Xera Plants Winter Grow Site Tour

My January is filled with master gardener project meetings, creating garden lessons for my community education classes at Clark College, and building design plans for our front and side gardens. Even with all the garden planning, I've been struggling to find some inspiration and gardening mojo.     

So when my friend, Anna over at Flutter & Hum, asked me to join her on a last minute trip to the Xera Plants grow site, I jumped at the opportunity.  We both love Xera Plants and needed some fun girl time. The last time I toured their grow site, I forgot to bring my camera, but this time I was prepared.

We met up with Greg Shepherd and Paul Bonine, my favorite plantsmen and co-owners of Xera Plants, in their propagation greenhouse. Greg gave us a tour of their propagation house while Paul continued to work, stabbing cuttings into root hormone and then prepared trays of potting mix like a Zen master.

Greg showed us the box that they start seeds in. Any guesses why they need a screened top for the seeds and seedlings? Mice. They devour fresh seedlings and damage young plants. 

 Paul looks over Greg's shoulder as he shows us new seedlings.

Paul looks over Greg's shoulder as he shows us new seedlings.

The second step of the process is to move each seedling into their own cell in large cell packs. 

 So many plants!

So many plants!

Greg thoughtfully checks the root structure on this young succulent. 

xerawintertour3.jpg

Then, we moved through a curtain into the cooler portion of the greenhouse where they harden off the young plants. Greg showed us a healthy batch of Metapanax delavayii. They grow to become an eight foot shrub with fine evergreen foliage that thrive in full sun to part shade. I plan on adding several of these to my front garden this spring.

 Greg holding a Metapanax delavayi.

Greg holding a Metapanax delavayi.

Can you imagine tending so many different young plants with varying needs?

xerawintertour5.jpg

Anna made friends with Miles despite his original suspicions of our motives and plant lust.

 Anna and Miles making friends.

Anna and Miles making friends.

At the end of the greenhouse, by an old swamp cooler, Greg showed us the misting bench. It has taken years of experimentation to determine which plants thrive in this space. 

 Greg points out the misting bench.

Greg points out the misting bench.

Look at all of these plants! I can't wait for my first shopping spree at Xera Plants this spring. The shop reopens in February. 

xerawintertour8.jpg

We returned back to the front and warmer part of the propagation greenhouse and found Paul still hard at work in a meditative state. Go, Zen master, go!

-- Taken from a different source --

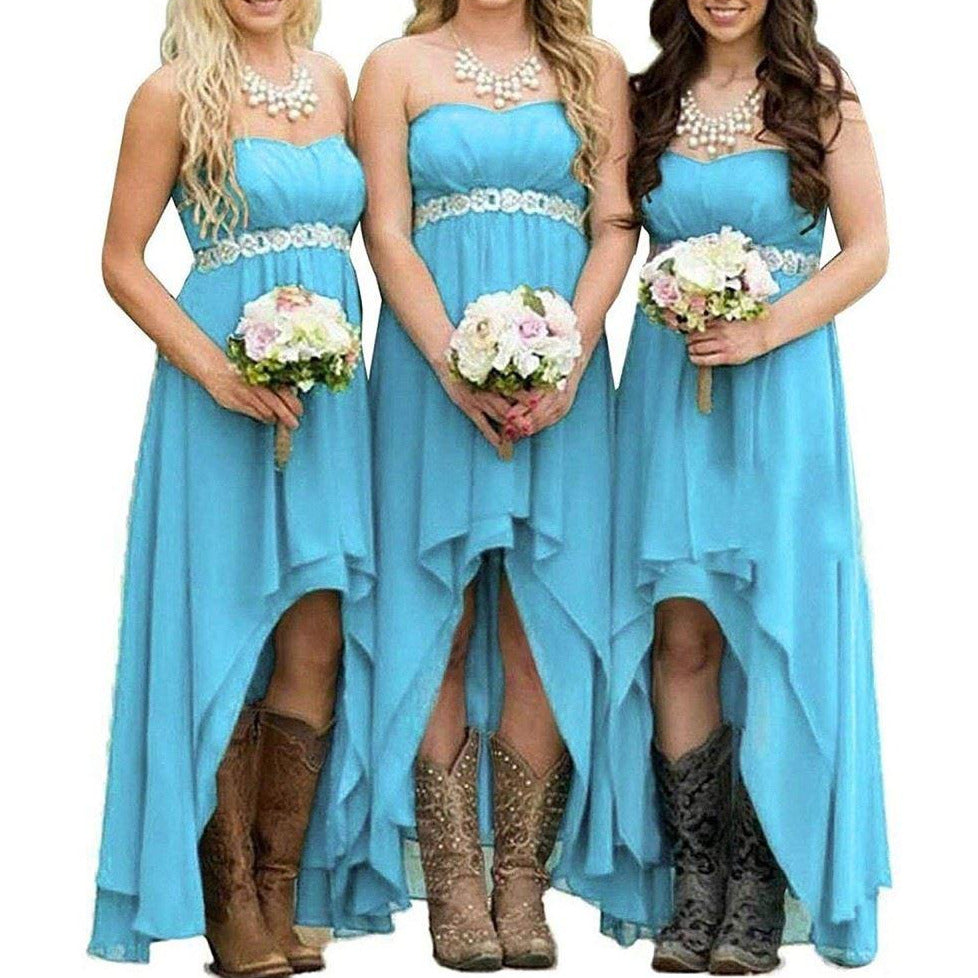 Three bridesmaids in strapless country wedding dress styled in blue with floral accents and cowboy boots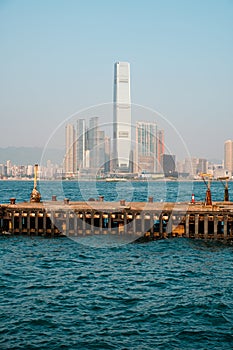 Empty pier with ocean and skyscraper city skyline backgroud, HongKong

When we stepped outside, I admired their yellow horned poppy, Glaucium flovum, growing as a weed. Even Xera Plants' weeds are cool.

xerawintertour10.jpg

I stepped out the propagation greenhouse with my pupils dilated with a bad case of plant lust and a deeper respect for their process. Thank you, Greg and Paul, for giving us a tour and letting us interrupt your work. 

Then, Anna and I went and explored the other greenhouses filled with plants that are hardy down to at least nineteen degrees. I photographed a nice shopping list for myself that I hope to share here later. With each greenhouse we walked through, I felt more and more inspired to play in my garden. By the time we left, I had a bad case of spring fever in January.

Then we hopped back into my car with Barnaby and he sniffed us over wondering about that Miles character. Thanks, Anna, for a fun adventure and for helping me find my winter gardening mojo.